The code just above this URL https://github.com/arthurpaulino/lean4-metaprogramming-book/blob/master/md/main/tactics.md#tweaking-the-context (i.e. the end of the section before that one) is

elab "custom_assump_2" : tactic =>
  Lean.Elab.Tactic.withMainContext do
    let goal  Lean.Elab.Tactic.getMainGoal
    let goalType  Lean.Elab.Tactic.getMainTarget
    let ctx  Lean.MonadLCtx.getLCtx
    let option_matching_expr  ctx.findDeclM? fun decl: Lean.LocalDecl => do
      let declExpr := decl.toExpr
      let declType  Lean.Meta.inferType declExpr
      if  Lean.Meta.isExprDefEq declType goalType
        then return Option.some declExpr
        else return Option.none
    match option_matching_expr with
    | some e => Lean.Elab.Tactic.closeMainGoal e
    | none =>
      Lean.Meta.throwTacticEx `custom_assump_2 goal
        (m!"unable to find matching hypothesis of type ({goalType})")

(this is a walkthrough of building an assumption tactic) and right now I understand the code well enough to just about see what it does (although even that I'm not too clear on -- for example I don't really understand why the program is looping through all the local declarations and not just testing the first one and letting option_matching_expr be none if its type is not equal to the goal type). But I don't understand what's going on well enough to modify it.

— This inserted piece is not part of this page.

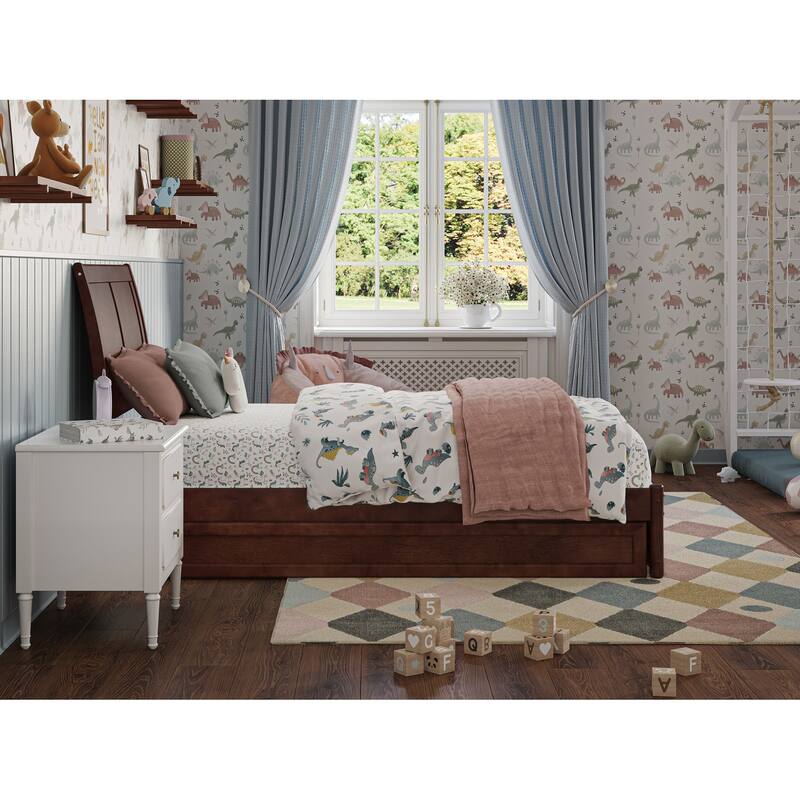 Andorra Platform Bed with Panel Footboard and Twin Trundle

For example I am being told how to write "if hypothesis type = goal type then close goal" but I do not know how to write "if hypothesis type is a <= _ and goal type is a <= _ then do refine le_trans <hypothesis> _ ". How do I learn about how to ask specific more refined questions about expressions?

Yakov Pechersky (Jul 17 2022 at 13:31):

Kevin, regarding looping on all of them, I think findDeclM? does exit early on the first match. If it can't find any, you get the none value.

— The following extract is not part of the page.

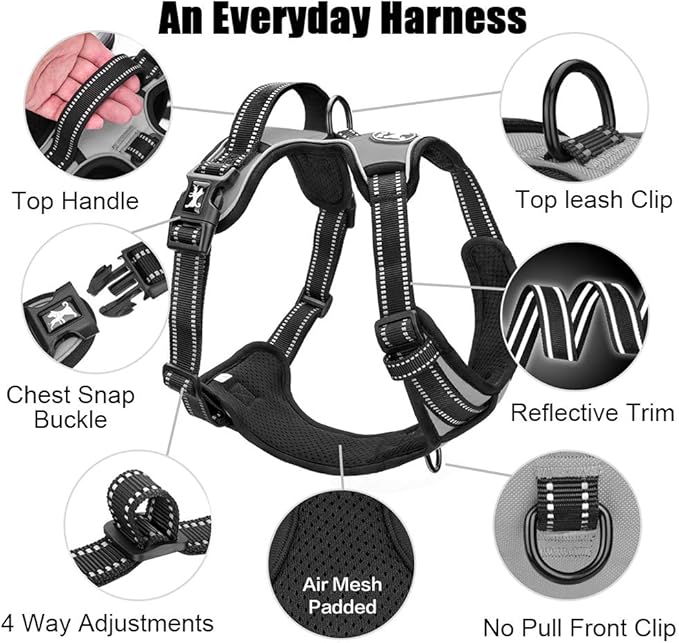 PoyPet No Pull Dog Harness, Reflective Comfortable Vest Harness with Front &amp; Back 2 Leash Attachments and Easy Control Handle Adjustable Soft Padded Pet Vest for Small to Large Dogs (Gray,XS)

Arthur Paulino (Jul 17 2022 at 13:39):

So, this involves a trade-off. Let me try to express my thoughts.

First, it's important to say that the current implementation of custom_assump_2 is quite more complicated than it could be (see this version by Sebastian). While it's more complicated, it also exposes more of the API, motivating the reader to do some digging.

Now, the harsh part is that it contains some not-so-simple functional programming monadic tricks, which makes me feel like I'm betraying my own words from the intro chapter. And this makes me feel like simply sticking to Sebastian's implementation.

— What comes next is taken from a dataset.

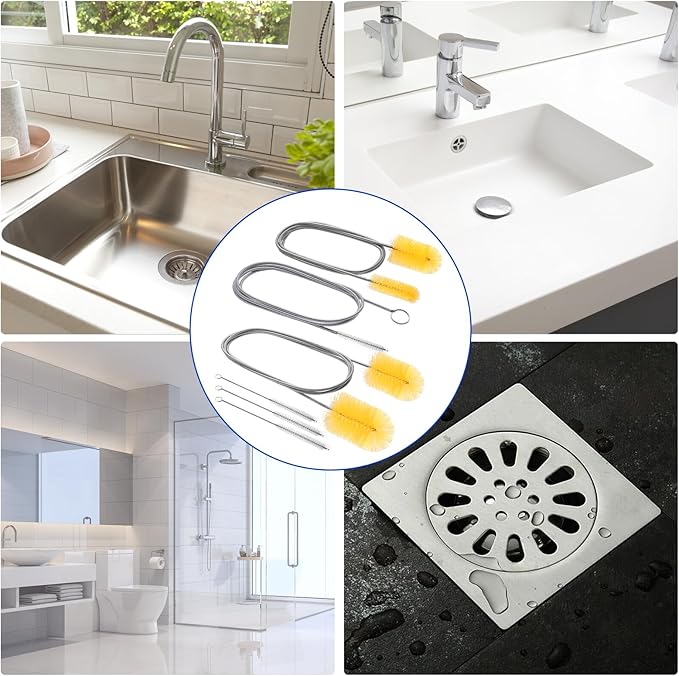 6pcs Flexible Drain Brush 78 Inch Pipe Cleaning Brush 63 Inch Drain Cleaner Brush 59 Inch Hose Brush and 3 Pcs 9 Inch Straw Cleaner Brush for Straws Kitchen Sink Plumbing Shower Drain Tube (Yellow)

The trick I'm referring to is exactly what Yakov pointed out. findDeclM does the iteration on the declarations available in the context, moving on while none is being returned by fun decl: Lean.LocalDecl => ... and stopping on the first occurrence of some _.

A more refined question on the iterating expression declType could be made by replacing the if ← Lean.Meta.isExprDefEq declType goalType ... block by the check you want to perform

Arthur Paulino (Jul 17 2022 at 13:46):

I'd love to have input from more people on the didactic of this part. It takes the reader to a walk and slowly introduces new mechanisms

Damiano Testa (Jul 17 2022 at 13:49):

I find that an inefficient tactic for a tutorial is not necessarily a bad idea. I really enjoyed Rob Lewis' video where he implements the assumption tactic, by going through the "first attempt everyone would try" and then golfing it. It would be very instructive to have something similar, but I do not know how to do that in a book...

Arthur Paulino (Jul 17 2022 at 14:04):

Ah, I just realized that I didn't really address Kevin's question.
As far as I know, we don't have pretty syntax sugar for matching expressions in Lean 4 as we do in Lean 3 yet. Gabriel wrote quote4, which does make things easier for that purpose but I don't know if there's a plan to make something like that available from Lean 4 core out of the box.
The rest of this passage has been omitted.